The National Council on Aging did a study earlier this year which found that most people don't grasp the tenuous situation many of our elderly find themselves in today. Among the findings, as summarized by Kleyman:

  • Less than one-third of Americans knew that low-income elders now pay 25 percent of their incomes for health care out-of-pocket, despite having Medicare.

  • Only one in six people understood that 40 percent of seniors recently faced such housing problems as being unable to pay their mortgages or living in dilapidated housing.

  • Only one in five knew that nearly 6 million older Americans are at risk of going hungry.

  • Fewer than one-fifth of those surveyed knew that average credit-card debt for seniors was $10,000.

And whatever economic security enjoyed by older workers who are not yet eligible for benefits – those who would lose the most if the GOP's budget plan were enacted -- has been ravaged by the recession. A survey released this week by the American Association of Retired People (AARP), found that one in four older workers had burned through all of their retirement savings during the course of the downturn. As the Huffington Post's Arthur Delaney noted, “12.4 percent of the 50-plus cohort told AARP they lost their health insurance, 49.5 percent said they delayed medical or dental care because of financial troubles and 13.5 percent said they started to collect Social Security retirement benefits earlier than they'd previously planned.”
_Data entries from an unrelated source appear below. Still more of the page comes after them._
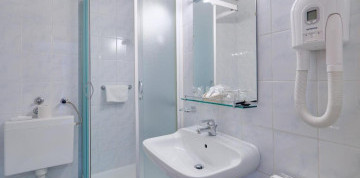 Dubrovnik - Hotel Komodor 3* s polpenziou letecky z Viedne
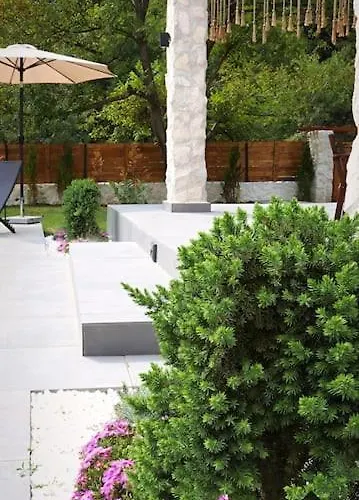 Valmont Luxury Villa *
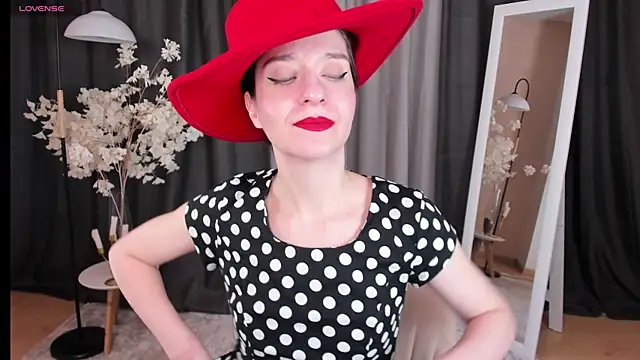 helentasty online show from 03/17/25, 02:08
Meanwhile, in Washington, they're talking about exacting some sort of “shared sacrifice” from this vulnerable population – making “hard choices.” But what makes the deficit hysterics' relentless granny-bashing so obscene is that this is a group that has already been hit hard by budget cuts – never mind what the “Ryan plan” would do to them if passed. As Paul Kleyman put it, all of that blather about sacrifice “fails to reflect the deep cuts to seniors’ program that have already been made in the 2011 budget.” This year's budget already “ includes stark reductions for seniors in such safety-net programs as low-income housing, home-energy assistance for those in extreme weather, and job training and placement.”

It's important to note the long-term context in which this is happening: for several decades, corporate America and the government have shrugged off much of the burden of providing working people a decent retirement. In 1989, the number of workers with 401(k) plans--subject to the ups and downs of the stock market--exceeded those with fixed-benefit pensions for the first time. Even mega-corporations got into the act; in 1998, nine out of 10 Fortune 100 companies still offered their employees a pension, but that number had been cut in half by 2008.

Budgets aren't just sheets full of numbers, they're ultimately a reflection of our priorities. We spend trillions on far-flung conflicts, hand out hundreds of billions in corporate welfare and subsidies, and we can certainly afford to keep our grandparents out of suffocating poverty. The only question we need to ask ourselves is: exactly what kind of society do we want to live in?